BEGIN
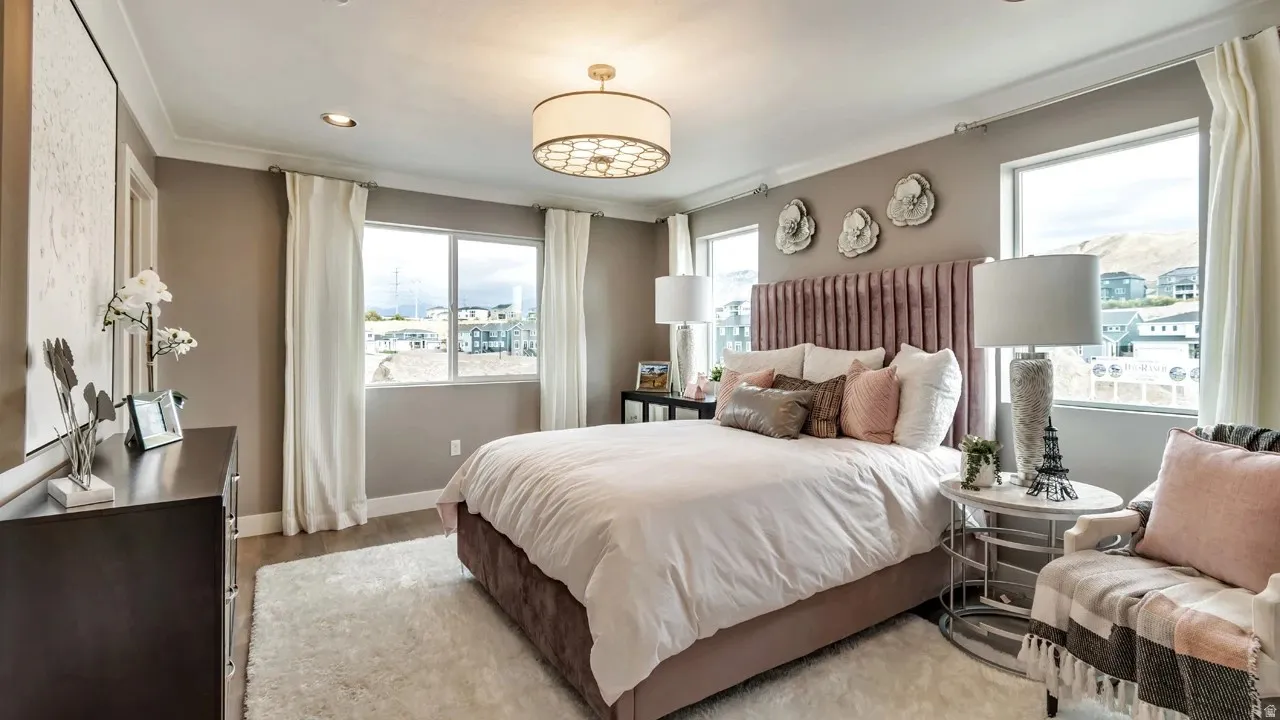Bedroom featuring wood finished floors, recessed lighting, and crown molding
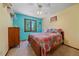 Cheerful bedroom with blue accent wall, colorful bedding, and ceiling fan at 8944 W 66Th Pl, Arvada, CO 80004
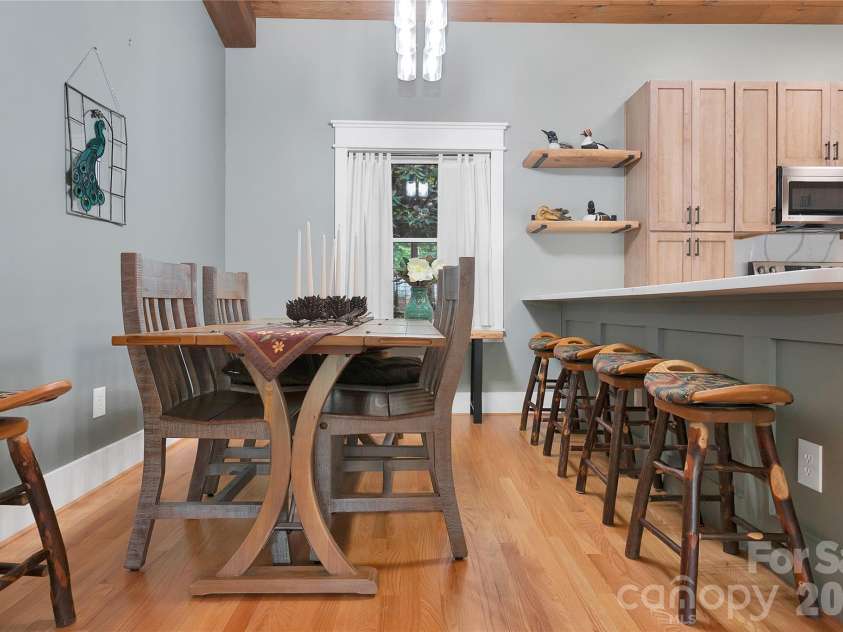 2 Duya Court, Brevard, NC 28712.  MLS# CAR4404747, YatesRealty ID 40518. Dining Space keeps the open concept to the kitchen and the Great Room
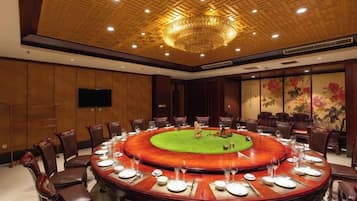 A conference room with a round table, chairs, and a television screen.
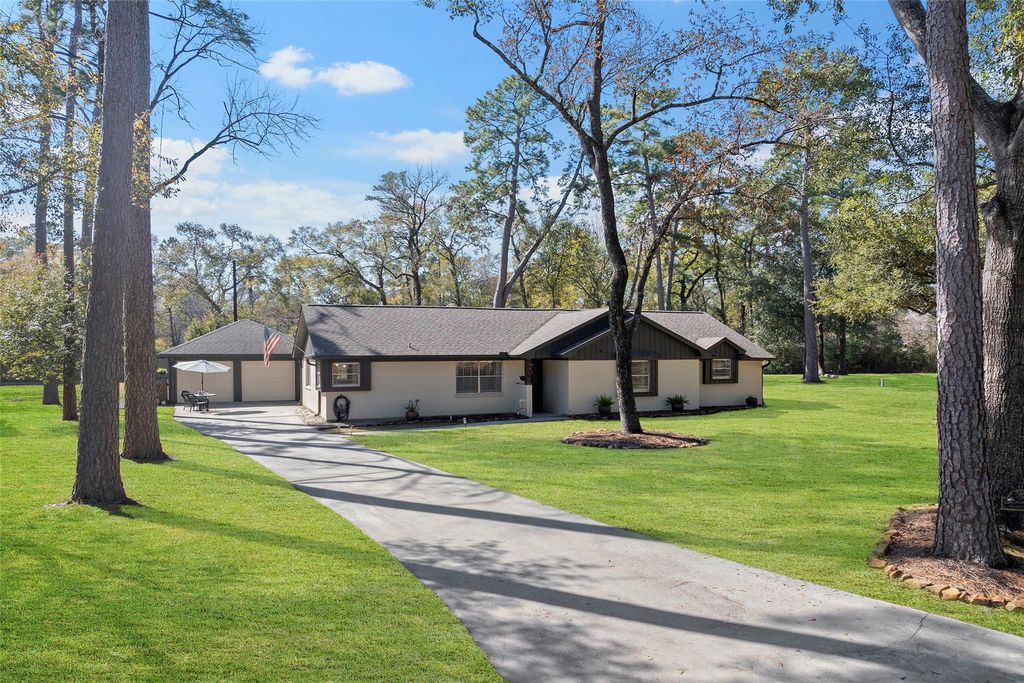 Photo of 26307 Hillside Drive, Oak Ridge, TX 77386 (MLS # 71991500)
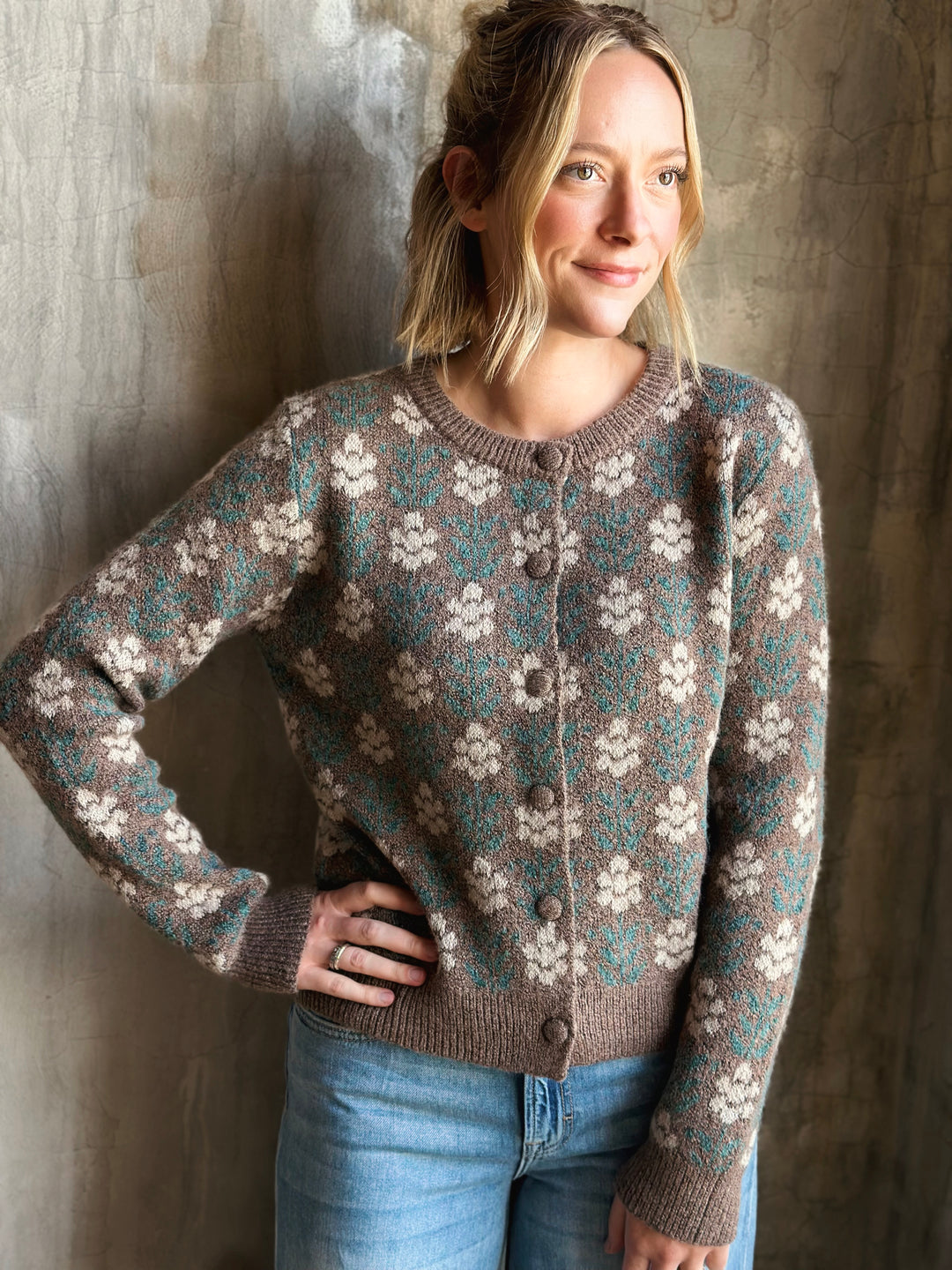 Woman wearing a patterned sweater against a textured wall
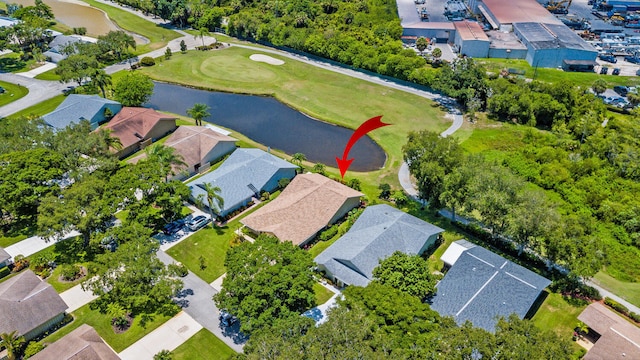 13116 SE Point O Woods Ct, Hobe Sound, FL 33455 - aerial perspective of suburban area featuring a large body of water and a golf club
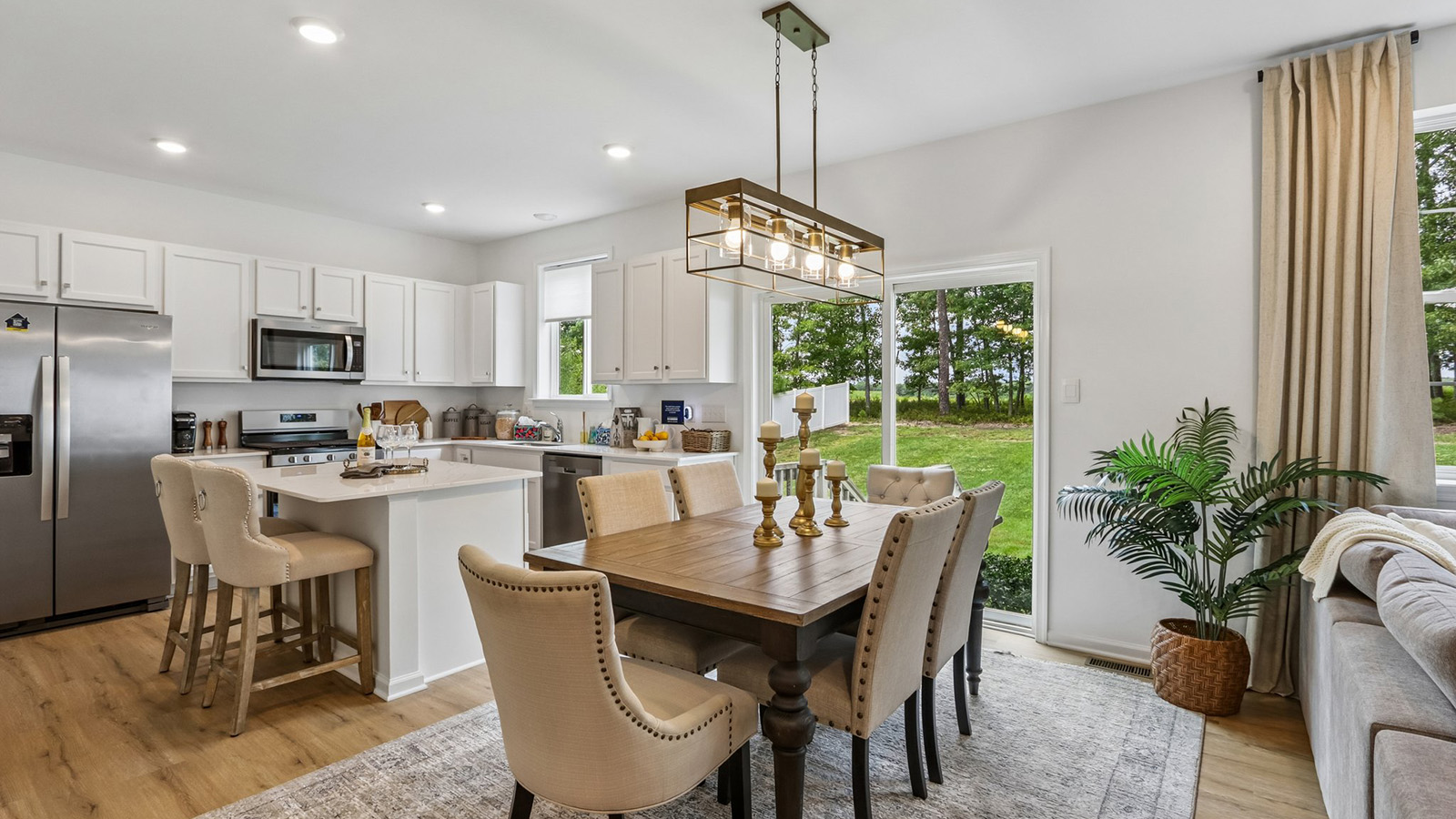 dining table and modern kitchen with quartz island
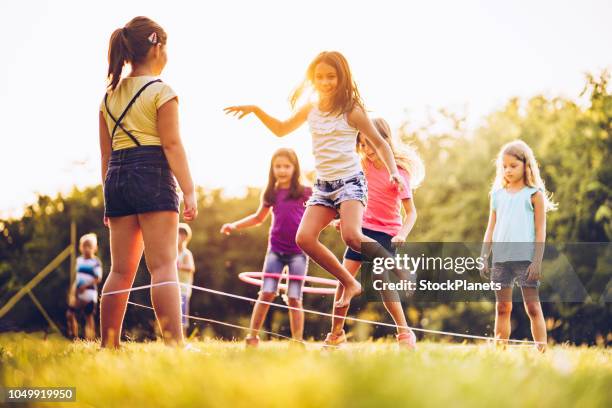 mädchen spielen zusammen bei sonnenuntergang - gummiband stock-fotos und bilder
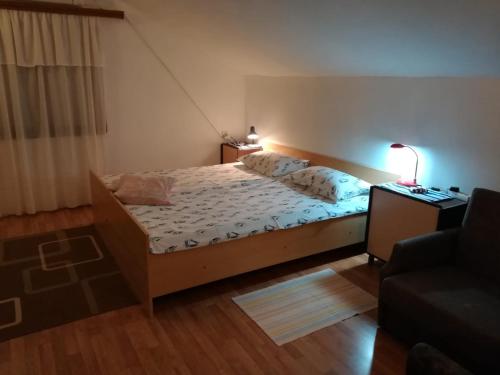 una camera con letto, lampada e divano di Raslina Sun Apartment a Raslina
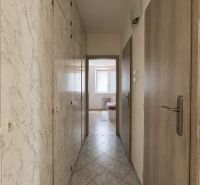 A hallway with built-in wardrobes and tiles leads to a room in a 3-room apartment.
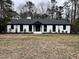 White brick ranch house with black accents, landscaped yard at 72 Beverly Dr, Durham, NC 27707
END
■ **Description of the task**
Return the preceding entries verbatim, with the pictures excluded.

■ **Final answer**
Bedroom featuring wood finished floors, recessed lighting, and crown molding
 Cheerful bedroom with blue accent wall, colorful bedding, and ceiling fan at 8944 W 66Th Pl, Arvada, CO 80004
 2 Duya Court, Brevard, NC 28712.  MLS# CAR4404747, YatesRealty ID 40518. Dining Space keeps the open concept to the kitchen and the Great Room
 A conference room with a round table, chairs, and a television screen.
 Photo of 26307 Hillside Drive, Oak Ridge, TX 77386 (MLS # 71991500)
 Woman wearing a patterned sweater against a textured wall
 13116 SE Point O Woods Ct, Hobe Sound, FL 33455 - aerial perspective of suburban area featuring a large body of water and a golf club
 dining table and modern kitchen with quartz island
 mädchen spielen zusammen bei sonnenuntergang - gummiband stock-fotos und bilder
 una camera con letto, lampada e divano di Raslina Sun Apartment a Raslina
 A hallway with built-in wardrobes and tiles leads to a room in a 3-room apartment.
 White brick ranch house with black accents, landscaped yard at 72 Beverly Dr, Durham, NC 27707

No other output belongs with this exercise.